Comme si chaque pas, chaque mot te dissolvaient — et tu t’affaisses — ou que tous en même temps t’exhaussent, avec quels rires, quelle préciosité, quelles pauses, — tu t’avances au bord ondulé d’une frontière dont tu es le seul à connaître les anses, les passages ; tu te sens heureux avalant cette poussière grise incomparable, tandis que la légèreté t’oriente, te pousse aux épaules, non plus seul, mais davantage, tandis que s’amoncellent, autour de toi des amas consistants et informes, d’un doigt parcourus et dissous ; tu longes des vitres qui te reflètent, mannequins habillés, déshabillés, chauves ou portant perruque, dans une rue qui jamais n’eut place d’architecture, ni murs, ni maison, et que rien, hors toi, (mais toi ?) ne sillonne, (mais qui parle et respire), au bord de cette page qui n’est ni page, ni papier, ni blancheur, ni réflexion, ni folie, ni sagesse, ni sens, ni livre, pas ta main, pas ta tête, mais commencement éclaté d’une expérience, sorte de présent qui se double sans cesse, sans jamais se pourvoir en suite-avenir, cassation, absence de grâce — déjà tu tombes.

Mais donnez-moi un corps. Ou, réponse, entre tant d’autres, choisie : le silence est un mot qui n’est pas un mot.

Ici nous disposerons ce qui nous reste d’hommes en avant de la mer. Et nous la regarderons, à la plage, abaissée, souveraine, étroitement mesquine hors de notre regard qui l’orne d’un mythe. Corps dit superbe et que je dis, à genoux, de ma langue, adoré. Ici nous disposerons, face à la mer, ce qui nous reste d’hommes, en une ligne-sexe, rouge, dite obscène, tout dressés, le buste nu, fusillade qui aussitôt les assassine et qui reprend, immortelle, tandis qu’un ressort à leurs pieds se détend.

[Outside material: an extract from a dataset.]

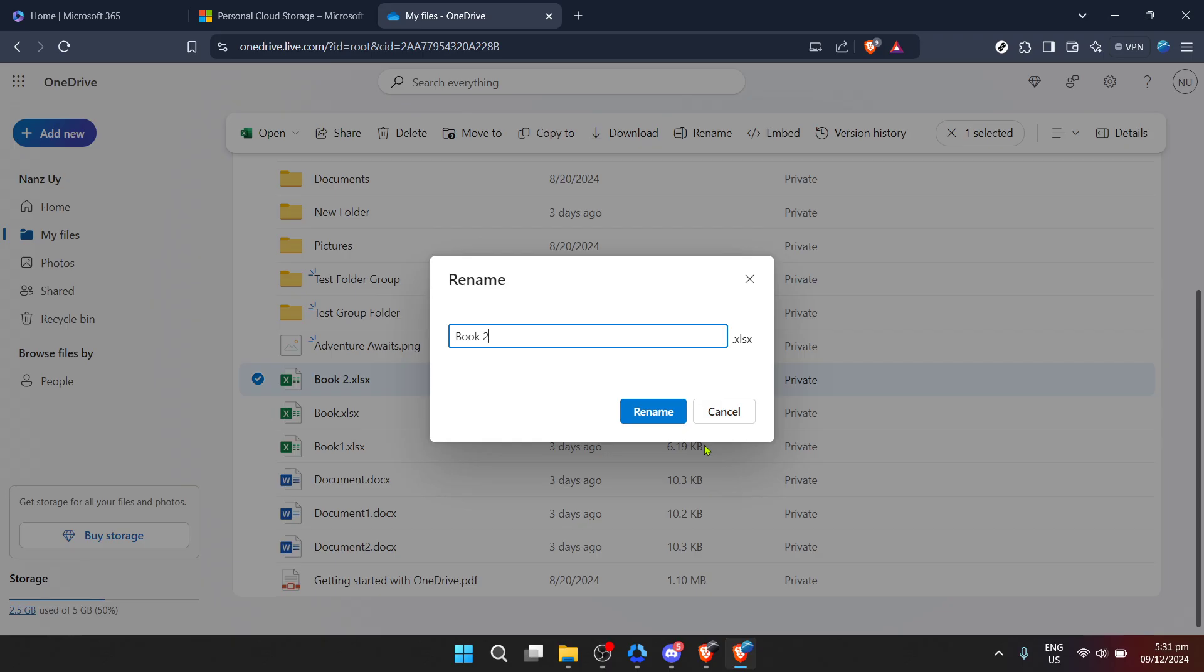And there you have it. A step-by-step guide on renaming your OneDrive folder, making it easier than ever to keep your digital space organized just the way you like it. Experiment with naming conventions that enhance your productivity or simply bring a smile to your face whenever you're fetching files.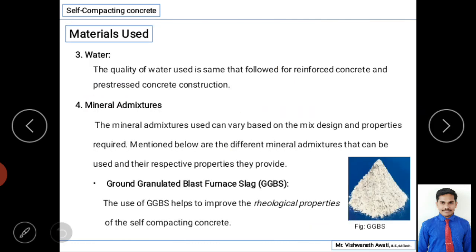Water is also very important as it facilitates mixing and binding, but its content must be restricted. The quality of water used for self-compacting concrete is the same standard as that followed for reinforced concrete and pre-stressed concrete construction.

Les remet en place. Toi. Nu. Ou nous.

Ici ce que tu vois. Ce qui est. Ce qui parle.

En avant, face à la prémonition, face à l’accomplissement impossible — ici ce que tu vois, effaces, parles — en avant, derrière ce bleu puissant, ce soleil, ces bains, mots du petit déjeuner, des matinées, eau, sommeil, mer, pêcheur, rivière, prairie, forêt, verdure, dessert, poissons, dessert, en avant, en dehors, au plus courts et sublimes, jusqu’à la pluie, la campagne, la ville (jusqu’à ce ricanement précis) jusqu’à ces cailloux ronds, inégaux, palpables (mais fantômes) jusqu’à ce… mais plus rien (ce que tu vois, ce qui est, ce qui parle). Les volets battent. Un instant tu tombes. A similitude de te vouloir et de disparaître.

*

Nous n’avons pas encore passé le mois le plus chaud. Convention qui rend effrayante la mort, puis, aussitôt, à nouveau, l’apprivoise.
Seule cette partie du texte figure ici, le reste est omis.